The chart above shows an increase of 9,329 Democrats and a decrease of 11,682 Republicans.

Percentages

Date Democrat Reform Libertarian Republican Unaffiliated
Dec 27, 2006 26.58 0.09 0.56 45.83 26.95
Jan 28, 2008 26.51 0.09 0.56 45.42 27.43
May 14, 2008 27.18 0.08 0.55 44.94 27.25
Sep 2, 2008 27.22 0.08 0.55 45.27 26.88

Since new Unaffiliated voters were the largest category, but the total of Unaffiliated voters dropped, exiting Unaffiliated voters must be changing political parties. Analysis of party changes by existing voters has not been attempted.

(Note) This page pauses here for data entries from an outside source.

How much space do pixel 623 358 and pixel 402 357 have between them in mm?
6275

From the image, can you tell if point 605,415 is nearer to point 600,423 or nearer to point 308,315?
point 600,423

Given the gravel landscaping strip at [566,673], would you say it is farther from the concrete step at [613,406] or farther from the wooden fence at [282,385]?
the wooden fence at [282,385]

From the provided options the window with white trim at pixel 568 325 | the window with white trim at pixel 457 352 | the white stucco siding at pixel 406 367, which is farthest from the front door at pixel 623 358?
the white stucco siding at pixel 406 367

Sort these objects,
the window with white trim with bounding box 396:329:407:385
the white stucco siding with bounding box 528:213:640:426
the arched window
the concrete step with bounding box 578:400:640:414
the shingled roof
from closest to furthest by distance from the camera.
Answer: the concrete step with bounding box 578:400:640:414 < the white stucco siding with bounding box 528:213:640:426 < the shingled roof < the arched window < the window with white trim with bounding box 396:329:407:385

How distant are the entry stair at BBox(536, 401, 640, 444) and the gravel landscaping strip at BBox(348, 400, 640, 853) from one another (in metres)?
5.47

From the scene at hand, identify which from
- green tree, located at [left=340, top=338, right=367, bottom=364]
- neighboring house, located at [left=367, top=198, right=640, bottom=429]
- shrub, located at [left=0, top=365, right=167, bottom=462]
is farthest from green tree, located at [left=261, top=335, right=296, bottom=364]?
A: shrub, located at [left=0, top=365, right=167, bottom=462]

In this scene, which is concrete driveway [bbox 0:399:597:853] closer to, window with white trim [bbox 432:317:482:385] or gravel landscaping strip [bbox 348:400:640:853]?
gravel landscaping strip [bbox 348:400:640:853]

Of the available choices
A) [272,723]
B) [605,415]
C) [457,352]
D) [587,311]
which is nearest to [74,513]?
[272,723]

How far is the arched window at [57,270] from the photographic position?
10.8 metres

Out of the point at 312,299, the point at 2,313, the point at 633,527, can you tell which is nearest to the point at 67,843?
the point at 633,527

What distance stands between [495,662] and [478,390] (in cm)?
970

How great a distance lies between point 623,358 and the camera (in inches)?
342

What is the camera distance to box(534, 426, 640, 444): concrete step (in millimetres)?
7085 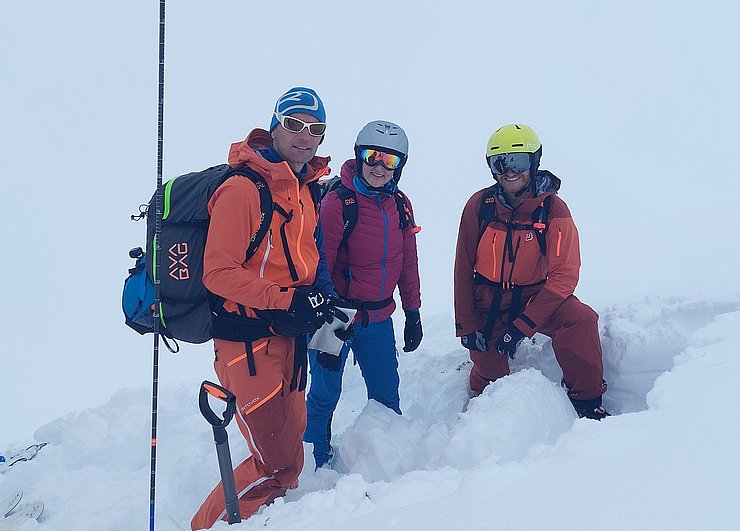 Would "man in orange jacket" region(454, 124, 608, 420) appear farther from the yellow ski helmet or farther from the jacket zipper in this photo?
the jacket zipper

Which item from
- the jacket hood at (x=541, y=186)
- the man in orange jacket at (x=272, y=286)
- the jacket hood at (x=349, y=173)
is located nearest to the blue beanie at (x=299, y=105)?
the man in orange jacket at (x=272, y=286)

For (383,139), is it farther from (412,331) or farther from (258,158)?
(412,331)

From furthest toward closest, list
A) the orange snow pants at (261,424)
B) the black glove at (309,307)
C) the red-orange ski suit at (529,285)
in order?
1. the red-orange ski suit at (529,285)
2. the orange snow pants at (261,424)
3. the black glove at (309,307)

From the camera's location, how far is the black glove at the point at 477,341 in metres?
5.09

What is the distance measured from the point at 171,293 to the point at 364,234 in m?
1.71

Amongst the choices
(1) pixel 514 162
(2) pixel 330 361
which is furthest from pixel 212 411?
(1) pixel 514 162

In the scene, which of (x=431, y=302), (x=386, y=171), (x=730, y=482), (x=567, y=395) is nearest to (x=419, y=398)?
(x=567, y=395)

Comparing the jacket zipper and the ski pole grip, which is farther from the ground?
the jacket zipper

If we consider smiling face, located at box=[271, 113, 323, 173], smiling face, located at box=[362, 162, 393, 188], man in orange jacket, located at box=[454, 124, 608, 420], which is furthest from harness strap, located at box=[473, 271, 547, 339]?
smiling face, located at box=[271, 113, 323, 173]

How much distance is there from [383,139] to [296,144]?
40.4 inches

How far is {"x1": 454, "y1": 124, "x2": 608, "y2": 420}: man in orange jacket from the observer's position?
15.2ft

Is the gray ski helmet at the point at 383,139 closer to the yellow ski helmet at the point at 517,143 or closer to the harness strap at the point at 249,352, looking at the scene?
the yellow ski helmet at the point at 517,143

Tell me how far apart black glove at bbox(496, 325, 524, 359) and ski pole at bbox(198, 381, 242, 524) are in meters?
2.77

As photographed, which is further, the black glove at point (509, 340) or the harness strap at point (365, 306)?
the black glove at point (509, 340) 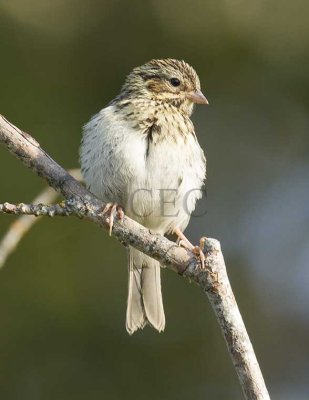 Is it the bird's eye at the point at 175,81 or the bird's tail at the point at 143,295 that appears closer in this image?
the bird's tail at the point at 143,295

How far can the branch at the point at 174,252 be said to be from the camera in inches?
127

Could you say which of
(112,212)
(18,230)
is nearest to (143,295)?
(112,212)

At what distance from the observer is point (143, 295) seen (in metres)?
5.13

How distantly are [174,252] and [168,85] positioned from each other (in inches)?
61.9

In the next few days the Meadowlark will publish charts like above for each county, state rep and state senate district.

Methodology: Voters with a registration date after 12/31/2006 were extracted from the Sept 2, 2008 list of registered voters in Kansas, ONLY if they had no other August or November voting history (other than the Aug 2008 election). Unfortunately, some county clerks change the registration date if anything about a voter’s record is changed, and this method of selection ignored “old” voters. For this analysis, registration dates in the future (e.g., 5/27/2018, 8/13/2070, 1/8/2520, and 8/1/6200) were set to the date of the file, 9/2/2008. [NOTE: The Kansas Secretary of State REFUSES to act on most data problems reported in voter registration data -- there is no known way to give the Kansas Secretary of State feedback so problems in the data file can be fixed.] Registration dates were converted to week index values within a year, and counted by week. A cumulative sum of all weeks was computed and plotted.